The U.S. and other nuclear powers should rapidly stop nuclear proliferation, researchers at Rutgers University said Wednesday as they released a study showing that a nuclear war between India and Pakistan could kill 125 million people instantly before causing global mass starvation.
“When nuclear weapons come into play, what happens in South Asia won’t stay in South Asia. You won’t see the mushroom clouds, but you can look forward to years of climate disruption, draught, famine and death.
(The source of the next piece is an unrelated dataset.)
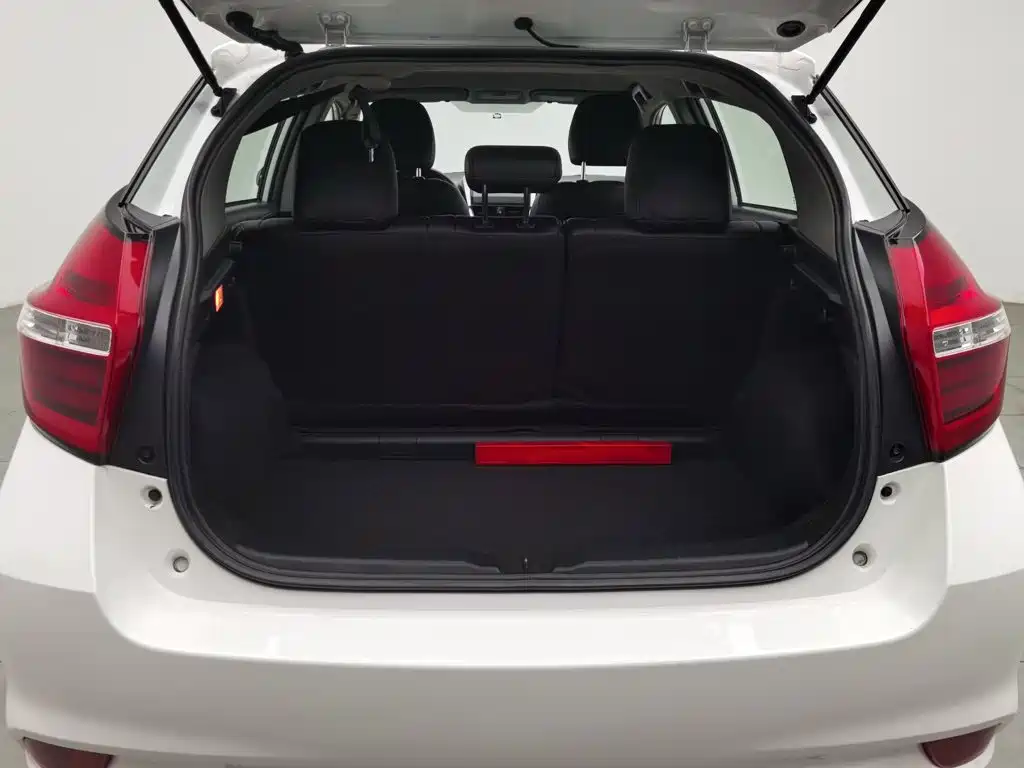 Toyota Yaris L 2017 — фото 16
Or we could just get rid of them.”
—Derek Johnson, Global Zero
Published in the journal Science Advances, the new research shows that rapidly growing nuclear stockpiles in India and Pakistan, which are currently in conflict over Kashmir, could release 16 million to 35 million tons of soot, or black carbon, into the atmosphere if the two countries escalated their standoff into nuclear strikes by 2025.
“Such a war would threaten not only the locations where bombs might be targeted but the entire world,” said Alan Robock, co-author of the study and a professor of environmental sciences at Rutgers.
The only way to avoid such an outcome, said Robock, is to eliminate nuclear weapons.
“Nuclear weapons cannot be used in any rational scenario but could be used by accident or as a result of hacking, panic, or deranged world leaders,” he said. “The only way to prevent this is to eliminate them.”